By focusing on this partition, we can observe whether the model maintains strong predictive power despite having less training data and a larger test set. This is often a good stress test for model robustness.


In [None]:
from sklearn.tree import plot_tree
import matplotlib.pyplot as plt

# Make sure class names are strings
class_names_str = [str(cls) for cls in final_model.classes_]

# Plot the tree
plt.figure(figsize=(12, 8))
plot_tree(
    final_model,
    feature_names=list(x.columns),  # Ensure it's a list of strings
    class_names=class_names_str,
    filled=True
)
plt.title("Final Decision Tree (Entropy, 70/30)")
plt.show()



#  Optional: Visualization by Split Size and Criterion:

To better understand how the model's behavior changes with different train-test splits and criteria, we visualize key metrics. These visualizations make it easier to detect patterns and trade-offs—for example, whether a larger training set consistently improves accuracy or whether one criterion outperforms another in terms of class balance.

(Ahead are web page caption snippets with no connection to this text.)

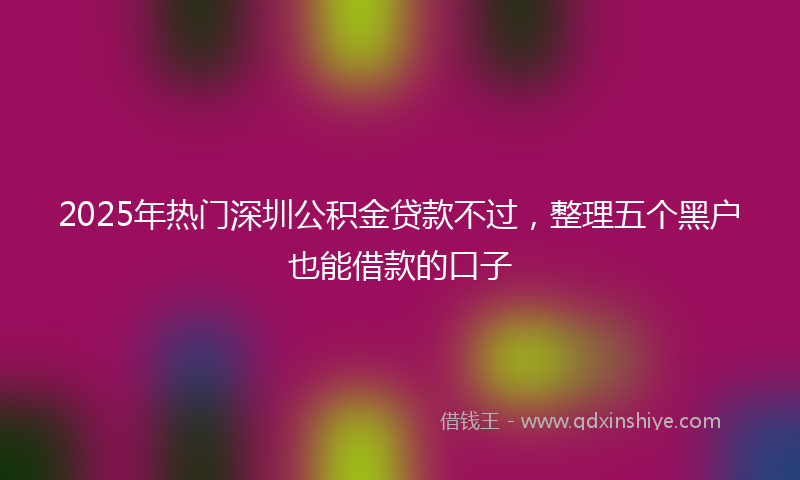 2025年热门深圳公积金贷款不过，整理五个黑户也能借款的口子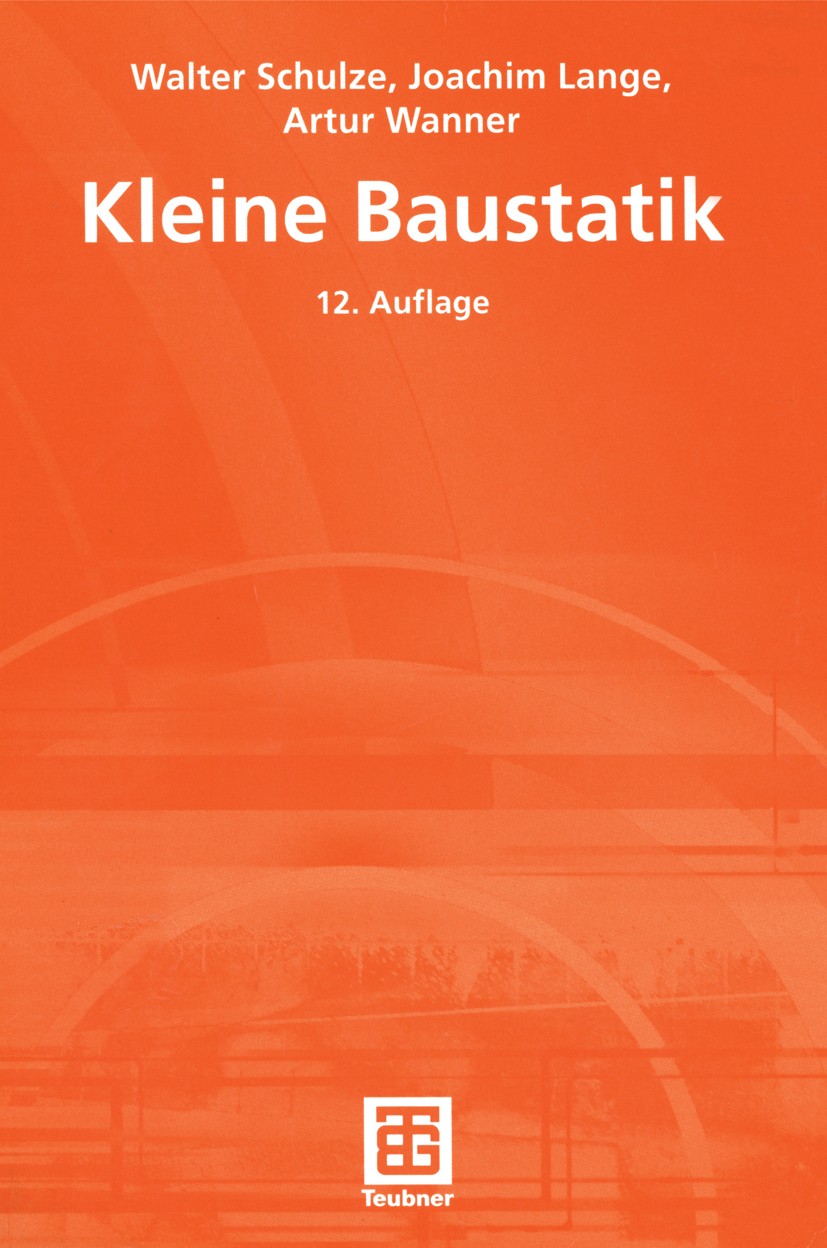 Titlebook: Kleine Baustatik; Einführung in die Gr Walter Schulze,Joachim Lange,Artur Wanner Textbook 200212th edition Vieweg+Teubner Verlag | Springer Titlebook: Kleine Baustatik; Einführung in die Gr Walter Schulze,Joachim Lange,Artur Wanner Textbook 200212th edition Vieweg+Teubner Verlag | Springer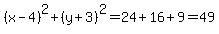 %28x-4%29%5E2%2B%28y%2B3%29%5E2=24%2B16%2B9=49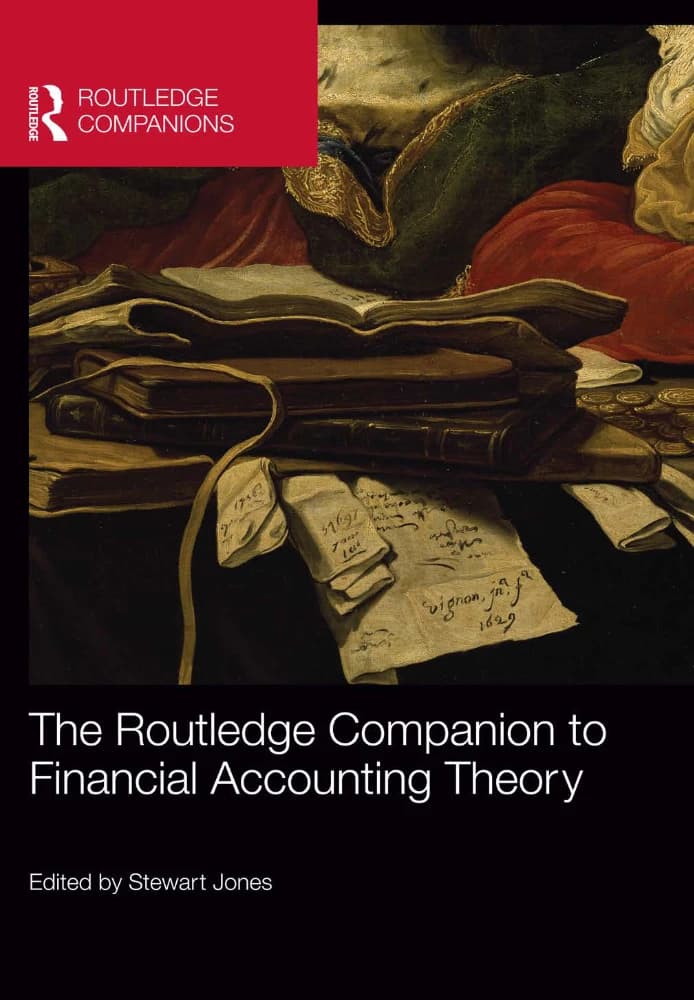 کتاب The Routledge Companion to Financial Accounting Theory (کتاب همراه راتلج برای نظریه حسابداری مالی) نسخه انگلیسی PDF | استوارت جونز
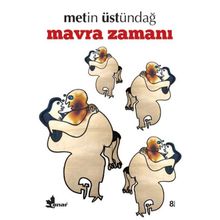 Mavra Zamanı - Metin Üstündağ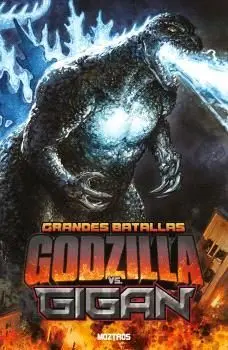 Grandes Batallas: Godzilla Vs Gigan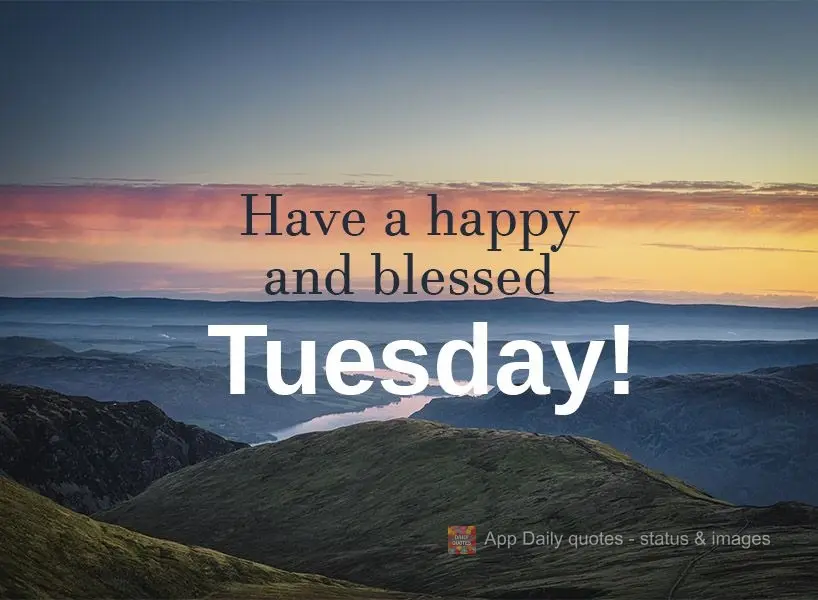 Have a happy and blessed Tuesday!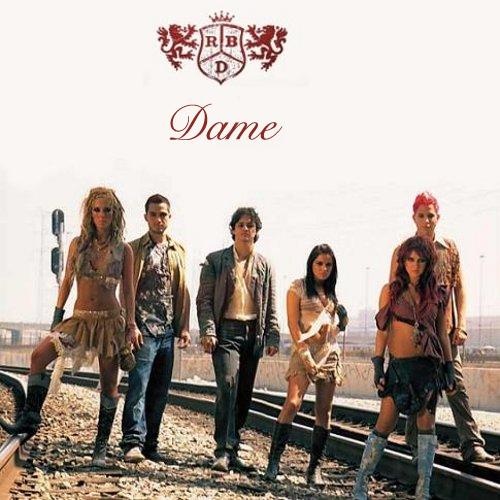RBD — Dame cover artwork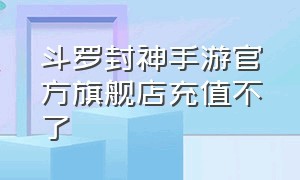 斗罗封神手游官方旗舰店充值不了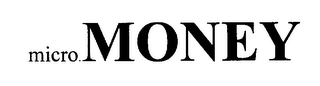 MICRO.MONEY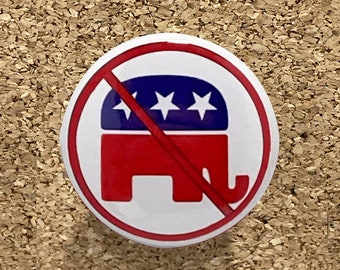 No Republicans 1" pin or magnet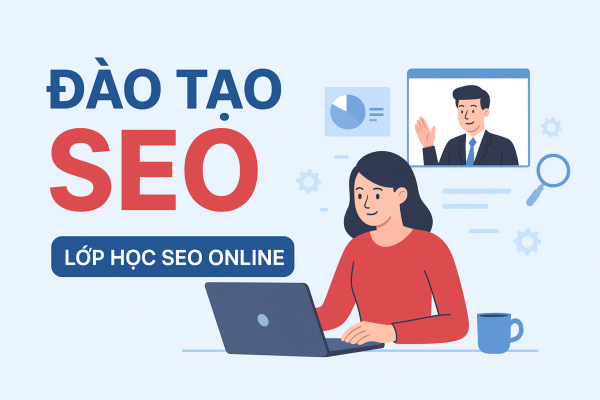 LỚP HỌC SEO ONLINE
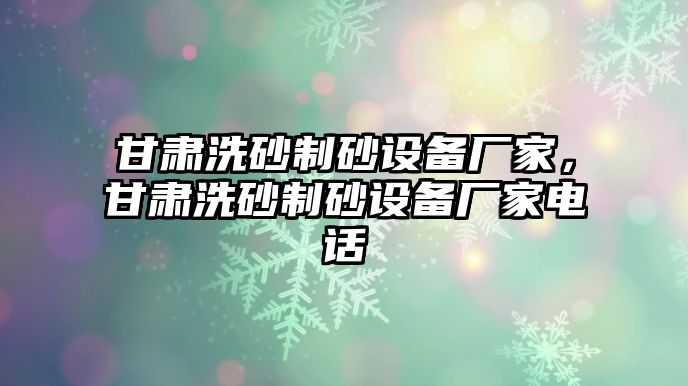 甘肅洗砂制砂設備廠家，甘肅洗砂制砂設備廠家電話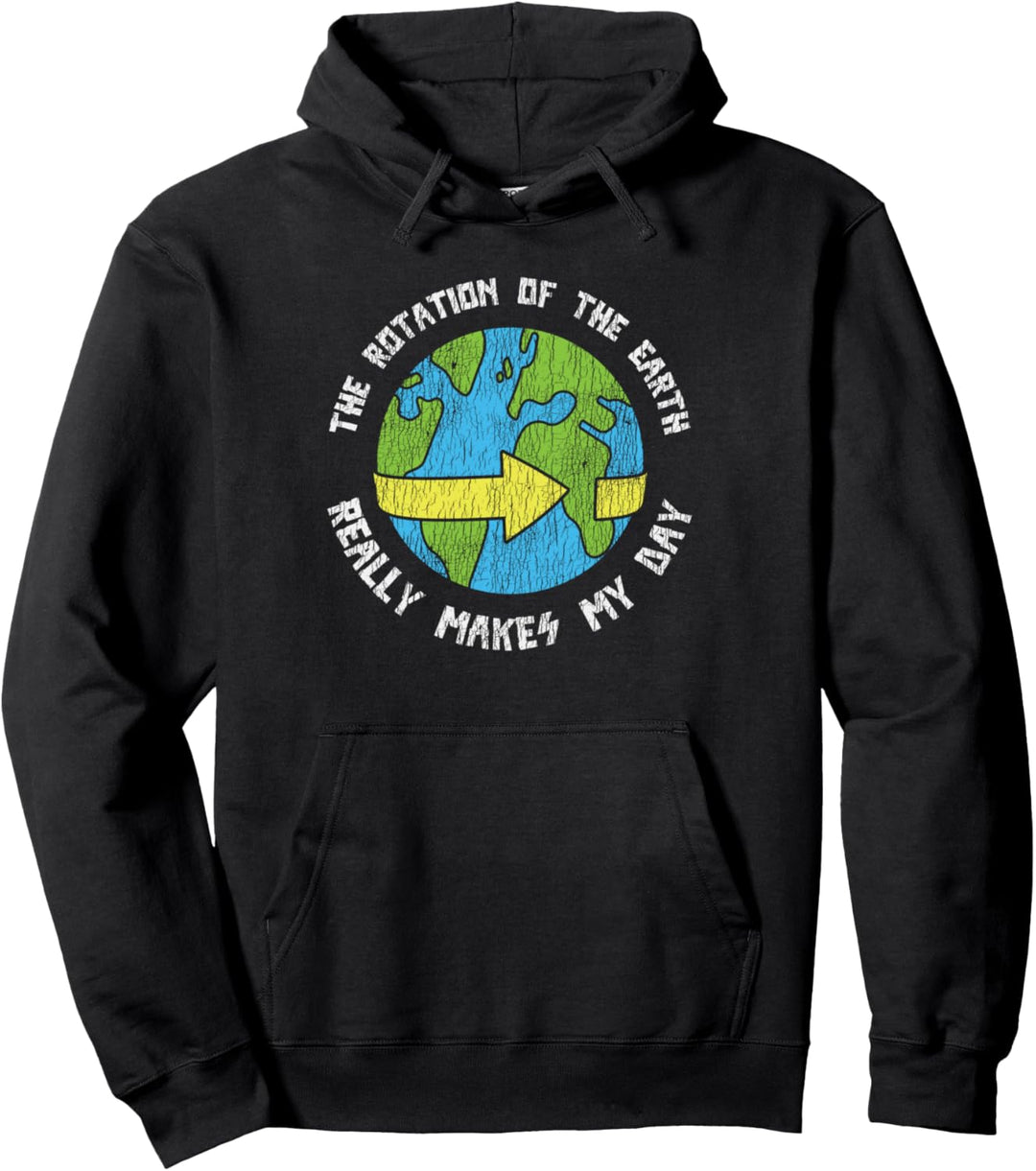 Erdrotation Macht Meinen Tag Zum Weltraumwissenschaftler Pullover Hoodie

Optional visualizations help communicate results more clearly, and support better decision-making regarding model deployment.


In [None]:
from sklearn.tree import DecisionTreeClassifier, plot_tree
from sklearn.model_selection import train_test_split
from sklearn.metrics import accuracy_score
import matplotlib.pyplot as plt

# Try different test sizes and both criteria
split_sizes = [0.3, 0.2, 0.1]
criteria = ['gini', 'entropy']

for split in split_sizes:
    for criterion in criteria:
        print(f"\n🔹 Criterion: {criterion.upper()}, Split: {int((1-split)*100)}/{int(split*100)}")

        # Split the data
        X_train, X_test, y_train, y_test = train_test_split(
            x, y, test_size=split, random_state=42
        )

        # Train the model
        model = DecisionTreeClassifier(criterion=criterion, random_state=42)
        model.fit(X_train, y_train)

        # Evaluate
        y_pred = model.predict(X_test)
        acc = accuracy_score(y_test, y_pred)
        print(f"Accuracy: {acc:.2f}")

        # Plot the tree
        plt.figure(figsize=(13, 2))
        plot_tree(
            model,
            feature_names=x.columns.astype(str),
            class_names=[str(cls) for cls in model.classes_],
            filled=True
        )
        plt.title(f"Decision Tree ({criterion.capitalize()}) — Split {int((1-split)*100)}/{int(split*100)}")
        plt.show()


 # Final Justification and Conclusion:

After evaluating the Decision Tree classifier using both the Gini index and Entropy across three different train-test splits (90/10, 80/20, 70/30), we observe the following patterns:

- **Accuracy Stability:** Both criteria performed similarly across splits, with minor differences. This indicates that the model is not overly sensitive to the choice of criterion on this dataset.
- **Train-Test Tradeoff:** As expected, models trained on larger training sets (e.g., 90%) tended to perform slightly better due to more information being available during training. However, the difference was not dramatic, suggesting the dataset is large and diverse enough to allow flexible partitioning.
- **Confusion Matrices:** These visualizations helped identify where the model struggled (e.g., if certain classes were consistently misclassified). If significant misclassification was seen in a particular class, it might be worth exploring further class-specific metrics or balancing the dataset.

Based on overall performance, a **train-test split of 80/20 with the Gini index** appears to offer a good balance of performance and generalization. However, both criteria are viable could further improve performance.